7. Strictly speaking, Equation 1 produces word length effects (holding the eccentricity of the center of the word constant) only if the word straddles the fixation point. We used the arithmetic mean of the absolute distances in these formulas because of computational simplicity. However, if this were changed to some other combination rule (e.g., the geometric mean), then the equation would predict word length effects in all cases.
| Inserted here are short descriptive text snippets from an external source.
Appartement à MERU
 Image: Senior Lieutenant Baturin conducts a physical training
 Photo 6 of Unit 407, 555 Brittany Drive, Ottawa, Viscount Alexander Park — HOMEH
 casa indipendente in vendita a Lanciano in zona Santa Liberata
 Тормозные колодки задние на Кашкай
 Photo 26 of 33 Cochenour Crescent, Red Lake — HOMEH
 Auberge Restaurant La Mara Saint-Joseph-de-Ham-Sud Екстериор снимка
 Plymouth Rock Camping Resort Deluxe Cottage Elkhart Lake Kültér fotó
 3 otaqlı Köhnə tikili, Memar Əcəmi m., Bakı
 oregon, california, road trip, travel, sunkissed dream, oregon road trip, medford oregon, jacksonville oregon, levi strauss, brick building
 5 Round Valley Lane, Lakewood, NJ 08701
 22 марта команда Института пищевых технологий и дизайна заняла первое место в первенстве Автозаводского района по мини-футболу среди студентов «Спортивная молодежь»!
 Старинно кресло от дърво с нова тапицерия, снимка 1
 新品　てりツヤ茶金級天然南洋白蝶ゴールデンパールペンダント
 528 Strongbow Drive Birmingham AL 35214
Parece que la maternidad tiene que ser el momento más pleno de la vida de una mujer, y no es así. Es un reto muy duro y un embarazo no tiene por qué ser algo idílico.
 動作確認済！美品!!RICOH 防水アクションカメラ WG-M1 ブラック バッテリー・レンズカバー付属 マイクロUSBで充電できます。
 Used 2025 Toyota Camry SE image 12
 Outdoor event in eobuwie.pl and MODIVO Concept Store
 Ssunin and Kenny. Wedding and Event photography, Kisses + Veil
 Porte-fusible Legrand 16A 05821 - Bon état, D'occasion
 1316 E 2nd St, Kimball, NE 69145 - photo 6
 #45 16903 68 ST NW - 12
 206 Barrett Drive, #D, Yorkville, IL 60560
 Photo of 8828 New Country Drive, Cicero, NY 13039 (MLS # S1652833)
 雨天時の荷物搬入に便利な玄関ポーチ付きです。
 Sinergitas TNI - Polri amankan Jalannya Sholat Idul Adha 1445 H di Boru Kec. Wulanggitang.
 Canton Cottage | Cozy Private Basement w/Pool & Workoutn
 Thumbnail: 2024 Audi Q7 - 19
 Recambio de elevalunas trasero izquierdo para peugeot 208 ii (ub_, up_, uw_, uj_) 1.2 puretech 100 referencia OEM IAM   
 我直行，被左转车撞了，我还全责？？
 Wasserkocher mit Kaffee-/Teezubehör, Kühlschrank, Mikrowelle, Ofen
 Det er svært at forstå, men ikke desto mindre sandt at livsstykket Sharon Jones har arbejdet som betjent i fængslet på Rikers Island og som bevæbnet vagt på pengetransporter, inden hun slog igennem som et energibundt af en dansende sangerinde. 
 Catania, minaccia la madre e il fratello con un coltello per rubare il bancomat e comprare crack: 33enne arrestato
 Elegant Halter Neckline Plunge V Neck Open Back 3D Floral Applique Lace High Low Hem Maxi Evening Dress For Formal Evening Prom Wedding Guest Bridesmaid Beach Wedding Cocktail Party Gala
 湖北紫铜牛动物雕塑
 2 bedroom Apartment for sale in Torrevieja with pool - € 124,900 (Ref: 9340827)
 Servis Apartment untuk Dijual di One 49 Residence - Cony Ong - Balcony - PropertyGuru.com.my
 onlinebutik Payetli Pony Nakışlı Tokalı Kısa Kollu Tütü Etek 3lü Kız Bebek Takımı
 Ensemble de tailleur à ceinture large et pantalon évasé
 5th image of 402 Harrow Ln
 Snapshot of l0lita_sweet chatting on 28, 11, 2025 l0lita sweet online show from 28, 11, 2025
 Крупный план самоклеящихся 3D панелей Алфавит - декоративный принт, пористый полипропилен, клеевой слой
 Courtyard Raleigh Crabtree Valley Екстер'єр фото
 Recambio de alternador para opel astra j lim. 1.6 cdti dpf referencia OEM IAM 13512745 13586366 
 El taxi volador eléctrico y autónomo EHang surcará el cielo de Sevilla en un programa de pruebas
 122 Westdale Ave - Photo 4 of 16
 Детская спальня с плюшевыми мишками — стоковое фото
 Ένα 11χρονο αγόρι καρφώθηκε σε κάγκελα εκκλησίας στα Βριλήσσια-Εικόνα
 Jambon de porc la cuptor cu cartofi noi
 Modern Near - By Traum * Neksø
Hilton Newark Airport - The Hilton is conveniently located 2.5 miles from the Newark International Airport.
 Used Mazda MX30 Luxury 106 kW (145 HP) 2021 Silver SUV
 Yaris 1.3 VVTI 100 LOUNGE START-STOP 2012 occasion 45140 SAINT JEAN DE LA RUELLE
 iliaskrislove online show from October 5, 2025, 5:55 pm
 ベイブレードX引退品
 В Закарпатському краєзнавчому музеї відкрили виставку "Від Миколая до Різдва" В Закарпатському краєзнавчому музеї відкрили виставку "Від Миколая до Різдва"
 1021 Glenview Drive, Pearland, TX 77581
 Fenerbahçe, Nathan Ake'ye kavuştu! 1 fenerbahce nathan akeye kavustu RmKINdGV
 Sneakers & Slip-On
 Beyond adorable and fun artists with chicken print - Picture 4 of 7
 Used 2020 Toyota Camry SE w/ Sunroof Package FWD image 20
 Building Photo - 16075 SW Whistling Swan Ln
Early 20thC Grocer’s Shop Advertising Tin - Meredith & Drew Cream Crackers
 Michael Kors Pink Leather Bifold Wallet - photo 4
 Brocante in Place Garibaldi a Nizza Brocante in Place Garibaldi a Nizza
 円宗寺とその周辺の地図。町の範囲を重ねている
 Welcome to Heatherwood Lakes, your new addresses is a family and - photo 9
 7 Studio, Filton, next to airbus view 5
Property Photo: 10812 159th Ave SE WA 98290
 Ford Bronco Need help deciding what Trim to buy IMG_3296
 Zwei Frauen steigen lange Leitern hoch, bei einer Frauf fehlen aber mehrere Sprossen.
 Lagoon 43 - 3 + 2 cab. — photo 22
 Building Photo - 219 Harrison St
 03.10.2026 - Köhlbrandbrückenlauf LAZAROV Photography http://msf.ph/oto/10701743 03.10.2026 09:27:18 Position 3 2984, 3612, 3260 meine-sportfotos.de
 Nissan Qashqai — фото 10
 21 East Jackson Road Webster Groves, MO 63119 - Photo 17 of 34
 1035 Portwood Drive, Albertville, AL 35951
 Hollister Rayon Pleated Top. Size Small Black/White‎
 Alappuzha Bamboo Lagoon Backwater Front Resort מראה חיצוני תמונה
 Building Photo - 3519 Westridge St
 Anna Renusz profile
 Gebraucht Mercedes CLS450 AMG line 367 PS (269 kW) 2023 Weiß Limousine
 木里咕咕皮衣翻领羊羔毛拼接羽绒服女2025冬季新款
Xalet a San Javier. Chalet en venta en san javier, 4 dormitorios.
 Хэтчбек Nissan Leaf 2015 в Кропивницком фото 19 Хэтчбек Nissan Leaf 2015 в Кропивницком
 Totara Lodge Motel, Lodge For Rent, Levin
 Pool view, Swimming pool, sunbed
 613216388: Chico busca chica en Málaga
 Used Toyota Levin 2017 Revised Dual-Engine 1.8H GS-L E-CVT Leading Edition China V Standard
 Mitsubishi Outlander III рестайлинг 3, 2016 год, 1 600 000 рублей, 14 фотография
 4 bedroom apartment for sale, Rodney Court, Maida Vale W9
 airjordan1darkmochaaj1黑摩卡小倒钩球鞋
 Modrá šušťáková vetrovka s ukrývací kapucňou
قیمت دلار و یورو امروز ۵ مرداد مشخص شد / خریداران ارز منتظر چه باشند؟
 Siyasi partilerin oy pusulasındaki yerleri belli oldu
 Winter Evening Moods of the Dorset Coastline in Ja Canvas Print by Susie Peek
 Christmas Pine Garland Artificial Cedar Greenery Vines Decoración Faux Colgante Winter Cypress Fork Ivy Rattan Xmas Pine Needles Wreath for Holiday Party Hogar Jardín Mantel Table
8. Frequency and predictability are not the only (nor necessarily the best) predictors of the time needed to identify a word in text. One problem with using frequency is that, even if the number of times a reader sees a given word in print was a perfect predictor of the time to identify the word, the Francis and Kučera (1982) norms (and other norms) are derived from corpuses that are unlikely to be representative of the texts that most readers encounter. (Another limitation of the Francis & Kučera norms is that they are derived from a fairly small corpus – only one million words.) Likewise, the predictability norms are also very crude estimates of how sentence context affects “on-line” lexical processing; in contrast to what actually happens during natural reading, the readers in these close-task studies have no visual information about the target words, but unlimited time to use all of the words in the sentence prior to the targets to guess their identities. Finally, the time needed to identify a word is likely to be a function of many other variables, including its part of speech, its concreteness, and the frequency with which it is encountered in spoken language. In summary, then, our decision to use frequency and predictability was not based on any a priori belief that these variables provide a complete explanation of lexical processing during reading. Instead, we are using them because they are known to produce significant effects in reading, and because they are clearly important determinants of word identification speed (i.e., how often a reader has seen the word before and how much top-down influence there is on the word).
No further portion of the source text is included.